C&P: How Plea Bargaining Works

A plea bargain is defined as an agreement in a criminal case between the prosecutor and the defendant where the prosecutor convinces the defendant to plead guilty to a lesser charge or to the original charge with a recommendation of a lighter sentence. A plea bargain allows the defendant to skip the lengthy process of a court trial and to avoid being convicted of the possible stronger charge. There are three types of plea bargaining available to defendants today.

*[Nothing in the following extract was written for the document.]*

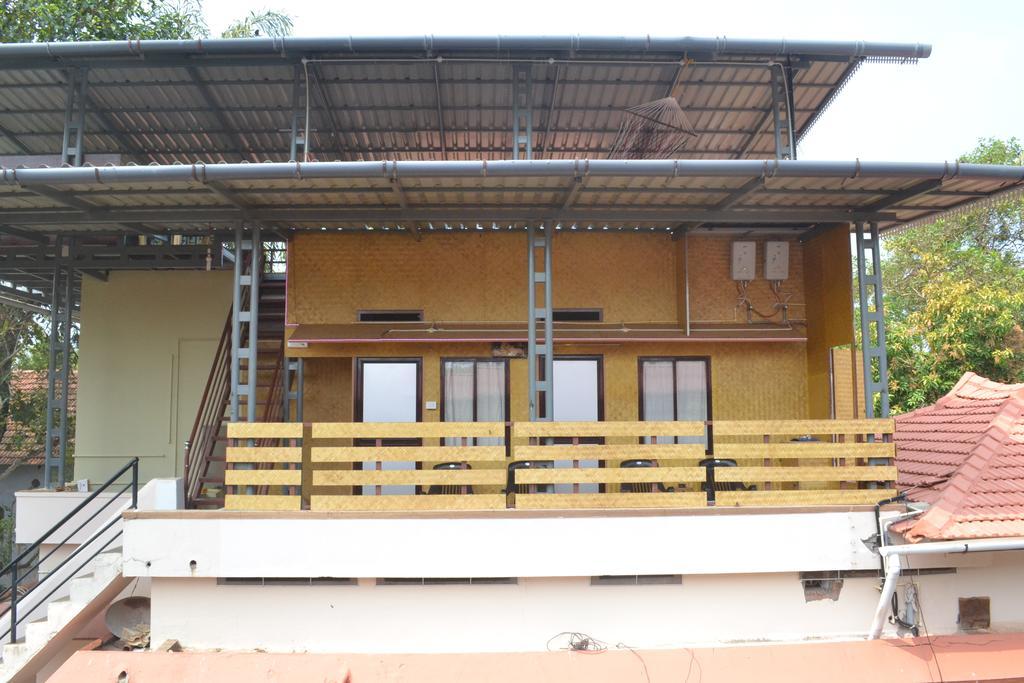 Thoms Beach Homestay Alappuzha Bagian luar foto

The three forms of plea bargaining are:

  • Charge Bargaining: This is used when a defendant pleads guilty to a less serious crime than the one originally imposed
  • Count Bargaining: This is used when the defendant pleads guilty to a fewer number of the charges.
  • Sentence Bargaining: This is used when the defendant pleads guilty knowing what sentence will be given.
Is a plea bargain legally binding?

A plea bargain is legally binding and it is a contract between the prosecutor assigned to the case and the defendant named in the case. Both parties involved in the contract must abide by the terms of the agreement. Some common terms of plea bargaining include pleading guilty on a specific date, cooperating in the investigation of another offense, or testifying against a co-defendant. If any of the terms of the agreement are broken then the bargain may be revoked if the defendant fails to satisfy their terms of the agreement.

If the prosecutor breaks the plea agreement between the two parties than the defendant can request that the prosecutor follow the agreement or that it should be set aside altogether. This most commonly occurs when the prosecutor promises not to file subsequent charges in return for a guilty plea but does so anyway. A defendant and a prosecutor should always make sure that the plea bargain is recorded and written down to make sure that no one can claim that a plea bargain was never discussed.

A plea bargain is only valid when there are three essential components present:

  • A knowing waiver of rights
  • A voluntary waiver
  • A factual basis to support the charges to which the defendant is pleading guilty
The four main reasons that a plea bargain is offered by the prosecutor to the defendant are:

  • Defendants can avoid the time and cost of defending themselves at trial, the risk of harsher punishment, and the publicity a trial could involve.
  • The prosecution saves the time and expense of a lengthy trial.
  • Both sides are spared the uncertainty of going to trial.
  • The court system is saved the burden of conducting a trial on every crime charged.
Plea bargaining is a completely private process when it takes place. This means that no one besides the defendant, the defense counsel, the prosecutor and sometimes the judge are present in the conference room; not even the victim of the defendant. The details of a plea bargain are not made known to the public until the bargain has been agreed upon by all sides involved. Some jurisdictions are now allowing the victim or victims of the defendant to have a say in the plea bargaining process. Most plea bargains must be approved by a judge in a court of law before it can be put into place. It cannot be approved by a judge until both side of the process agree on the terms of the bargain. When presented the plea bargain to the judge he or she will ask both sides if they approve of the terms. If one side does not approve of the terms then the two sides have to go back to work regarding agreement.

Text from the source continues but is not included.